SQL Server Availability Groups: Add ‘Check if Primary’ Step to Existing Agent Jobs

I’ve recently been helping a client set up and configure SQL Server Always On Availability Groups. In addition to implementing your SQL Server Agent jobs on all the secondaries, you also have to implement a mechanism to make jobs aware of which node they are running on (Primary or secondary replicas). You would think this would be available out of the box, right? I guess they are so many permutations (especially when you have multiple availability groups on the same server), that it was left to end users to implement.

When SQL Server completes a primary <=> secondary replica role change it fires alert 1480, and you can configure this alert to notify you of the role change and act upon it.

You have 2 choices:

  1. Respond to the role changeover alert (1480) and run a task to disable the jobs related to the databases in the availability group that has failed over.
  2. Add a new first job step to every SQL Agent job which checks if it is running on the Primary Replica. If it is running on the Primary then move to the next job step and continue executing the job, otherwise if it is running on a Secondary Replica then stop the job.

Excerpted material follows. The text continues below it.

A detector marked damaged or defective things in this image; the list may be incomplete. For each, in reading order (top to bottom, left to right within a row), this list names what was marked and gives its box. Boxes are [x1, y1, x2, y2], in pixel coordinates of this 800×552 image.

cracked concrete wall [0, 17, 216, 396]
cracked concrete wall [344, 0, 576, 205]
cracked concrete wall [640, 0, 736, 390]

To check if the Primary Replica of a given AG database is currently hosted on a particular server or not, you can either check based on the name of the database or you can check based on the name of the Availability Group the database is in (a database can only be in one availability group).

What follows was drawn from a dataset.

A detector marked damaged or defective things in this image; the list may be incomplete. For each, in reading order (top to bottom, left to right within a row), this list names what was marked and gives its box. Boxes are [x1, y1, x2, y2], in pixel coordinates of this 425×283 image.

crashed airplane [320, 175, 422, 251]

My scenario had a single availability group with not all databases on the server in the AG (a common scenario). After a couple of unsatisfactory attempts at (a), I decided to opt for (b).

Not wanting to do this change manually for every agent job, I’ve created a stored procedure that adds a new first job step to any agent job, to check if the job is running on the primary. If not, it silently quits with success. There’s also a short snippet of TSQL to run the proc for every SQL Agent job.

use master
go

-- Adds a first step to specified job, which checks whether running on Primary replica

create procedure AddAGPrimaryCheckStepToAgentJob
    @jobname nvarchar(128)
as

set nocount on;

-- Do nothing if No AG groups defined
IF SERVERPROPERTY ('IsHadrEnabled') = 1
begin
    declare @jobid uniqueidentifier = (select sj.job_id from msdb.dbo.sysjobs sj where sj.name = @jobname)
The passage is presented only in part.